Find the line containing "Moderne minimaal elegante" in the entries below. Restate it and each line after it, word for word, up to and including the line containing "Carter's 2pk onesie".
····················
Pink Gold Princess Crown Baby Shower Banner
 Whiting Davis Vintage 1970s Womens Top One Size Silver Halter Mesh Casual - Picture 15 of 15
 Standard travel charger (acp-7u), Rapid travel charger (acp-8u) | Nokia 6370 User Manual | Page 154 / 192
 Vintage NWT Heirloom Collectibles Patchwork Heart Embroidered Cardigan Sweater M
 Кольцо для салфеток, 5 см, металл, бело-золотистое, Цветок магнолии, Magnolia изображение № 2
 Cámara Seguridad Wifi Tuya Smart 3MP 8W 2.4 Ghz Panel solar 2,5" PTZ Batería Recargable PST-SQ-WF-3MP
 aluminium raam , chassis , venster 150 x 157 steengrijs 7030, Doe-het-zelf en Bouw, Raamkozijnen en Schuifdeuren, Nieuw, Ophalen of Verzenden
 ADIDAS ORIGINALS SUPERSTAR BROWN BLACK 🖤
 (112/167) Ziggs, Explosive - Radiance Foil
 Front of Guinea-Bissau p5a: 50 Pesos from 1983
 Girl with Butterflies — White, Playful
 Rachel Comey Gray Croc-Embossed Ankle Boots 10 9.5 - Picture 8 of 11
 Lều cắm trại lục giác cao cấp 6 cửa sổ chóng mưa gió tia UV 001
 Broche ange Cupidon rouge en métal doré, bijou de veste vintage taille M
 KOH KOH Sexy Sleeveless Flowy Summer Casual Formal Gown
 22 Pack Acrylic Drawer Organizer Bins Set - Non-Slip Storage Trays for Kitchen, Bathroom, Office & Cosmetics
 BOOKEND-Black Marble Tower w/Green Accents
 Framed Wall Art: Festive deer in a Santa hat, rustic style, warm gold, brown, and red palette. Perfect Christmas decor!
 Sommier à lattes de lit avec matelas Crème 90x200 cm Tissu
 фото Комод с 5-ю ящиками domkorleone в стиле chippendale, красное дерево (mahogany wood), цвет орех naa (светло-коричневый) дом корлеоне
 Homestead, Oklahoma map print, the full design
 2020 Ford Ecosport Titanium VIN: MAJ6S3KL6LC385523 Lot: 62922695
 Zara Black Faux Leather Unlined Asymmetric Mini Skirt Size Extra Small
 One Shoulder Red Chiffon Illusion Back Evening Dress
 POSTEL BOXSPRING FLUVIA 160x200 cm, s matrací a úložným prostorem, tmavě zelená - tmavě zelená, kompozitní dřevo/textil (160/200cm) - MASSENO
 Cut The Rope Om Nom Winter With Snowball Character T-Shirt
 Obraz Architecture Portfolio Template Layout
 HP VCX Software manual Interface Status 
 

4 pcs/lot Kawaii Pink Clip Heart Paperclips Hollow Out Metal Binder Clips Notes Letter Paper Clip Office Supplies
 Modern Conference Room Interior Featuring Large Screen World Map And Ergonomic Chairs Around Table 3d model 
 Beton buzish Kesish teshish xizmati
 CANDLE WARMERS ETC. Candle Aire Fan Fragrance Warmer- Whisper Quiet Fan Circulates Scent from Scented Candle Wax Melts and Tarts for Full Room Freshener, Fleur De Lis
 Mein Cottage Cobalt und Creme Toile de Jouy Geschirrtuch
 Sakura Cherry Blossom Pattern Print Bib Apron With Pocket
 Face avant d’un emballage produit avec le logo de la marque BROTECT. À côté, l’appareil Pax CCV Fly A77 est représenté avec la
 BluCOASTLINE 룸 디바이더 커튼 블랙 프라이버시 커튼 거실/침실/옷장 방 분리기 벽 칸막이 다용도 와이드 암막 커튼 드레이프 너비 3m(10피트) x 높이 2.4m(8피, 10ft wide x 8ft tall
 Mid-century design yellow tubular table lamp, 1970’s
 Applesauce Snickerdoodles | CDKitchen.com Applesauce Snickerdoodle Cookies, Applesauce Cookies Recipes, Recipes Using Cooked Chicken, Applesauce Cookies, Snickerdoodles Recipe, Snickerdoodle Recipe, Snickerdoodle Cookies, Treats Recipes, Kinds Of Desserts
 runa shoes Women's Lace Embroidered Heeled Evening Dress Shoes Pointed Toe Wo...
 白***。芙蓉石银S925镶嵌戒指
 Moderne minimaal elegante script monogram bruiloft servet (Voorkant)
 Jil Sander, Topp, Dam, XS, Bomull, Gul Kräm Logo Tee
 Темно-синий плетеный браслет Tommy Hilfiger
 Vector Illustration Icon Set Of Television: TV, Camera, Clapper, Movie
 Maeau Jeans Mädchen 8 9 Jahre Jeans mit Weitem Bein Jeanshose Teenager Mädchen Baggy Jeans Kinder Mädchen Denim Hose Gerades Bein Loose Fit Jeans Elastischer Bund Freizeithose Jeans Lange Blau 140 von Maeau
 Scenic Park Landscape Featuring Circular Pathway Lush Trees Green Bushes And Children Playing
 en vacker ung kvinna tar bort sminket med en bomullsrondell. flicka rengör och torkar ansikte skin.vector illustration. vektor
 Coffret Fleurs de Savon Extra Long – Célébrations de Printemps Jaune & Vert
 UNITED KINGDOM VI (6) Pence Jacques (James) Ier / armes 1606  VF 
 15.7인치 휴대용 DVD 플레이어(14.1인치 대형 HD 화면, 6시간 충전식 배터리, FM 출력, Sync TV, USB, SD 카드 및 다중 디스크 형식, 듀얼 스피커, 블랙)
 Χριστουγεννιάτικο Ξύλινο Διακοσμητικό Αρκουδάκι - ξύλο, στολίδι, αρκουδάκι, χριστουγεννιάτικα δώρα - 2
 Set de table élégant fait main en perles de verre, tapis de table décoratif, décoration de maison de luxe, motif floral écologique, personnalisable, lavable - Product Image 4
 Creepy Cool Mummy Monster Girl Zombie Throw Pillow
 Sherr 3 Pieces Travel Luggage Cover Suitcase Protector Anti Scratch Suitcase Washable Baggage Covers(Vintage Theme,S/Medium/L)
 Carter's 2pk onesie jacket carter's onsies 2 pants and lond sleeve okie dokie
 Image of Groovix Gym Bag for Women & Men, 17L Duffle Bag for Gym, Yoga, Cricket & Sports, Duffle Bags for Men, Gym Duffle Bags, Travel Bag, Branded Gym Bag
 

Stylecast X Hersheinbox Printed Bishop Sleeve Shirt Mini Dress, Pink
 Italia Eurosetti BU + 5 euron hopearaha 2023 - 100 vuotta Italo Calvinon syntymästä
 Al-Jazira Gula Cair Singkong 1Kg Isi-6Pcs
····················
**Output of the task:**
 Moderne minimaal elegante script monogram bruiloft servet (Voorkant)
 Jil Sander, Topp, Dam, XS, Bomull, Gul Kräm Logo Tee
 Темно-синий плетеный браслет Tommy Hilfiger
 Vector Illustration Icon Set Of Television: TV, Camera, Clapper, Movie
 Maeau Jeans Mädchen 8 9 Jahre Jeans mit Weitem Bein Jeanshose Teenager Mädchen Baggy Jeans Kinder Mädchen Denim Hose Gerades Bein Loose Fit Jeans Elastischer Bund Freizeithose Jeans Lange Blau 140 von Maeau
 Scenic Park Landscape Featuring Circular Pathway Lush Trees Green Bushes And Children Playing
 en vacker ung kvinna tar bort sminket med en bomullsrondell. flicka rengör och torkar ansikte skin.vector illustration. vektor
 Coffret Fleurs de Savon Extra Long – Célébrations de Printemps Jaune & Vert
 UNITED KINGDOM VI (6) Pence Jacques (James) Ier / armes 1606  VF 
 15.7인치 휴대용 DVD 플레이어(14.1인치 대형 HD 화면, 6시간 충전식 배터리, FM 출력, Sync TV, USB, SD 카드 및 다중 디스크 형식, 듀얼 스피커, 블랙)
 Χριστουγεννιάτικο Ξύλινο Διακοσμητικό Αρκουδάκι - ξύλο, στολίδι, αρκουδάκι, χριστουγεννιάτικα δώρα - 2
 Set de table élégant fait main en perles de verre, tapis de table décoratif, décoration de maison de luxe, motif floral écologique, personnalisable, lavable - Product Image 4
 Creepy Cool Mummy Monster Girl Zombie Throw Pillow
 Sherr 3 Pieces Travel Luggage Cover Suitcase Protector Anti Scratch Suitcase Washable Baggage Covers(Vintage Theme,S/Medium/L)
 Carter's 2pk onesie jacket carter's onsies 2 pants and lond sleeve okie dokie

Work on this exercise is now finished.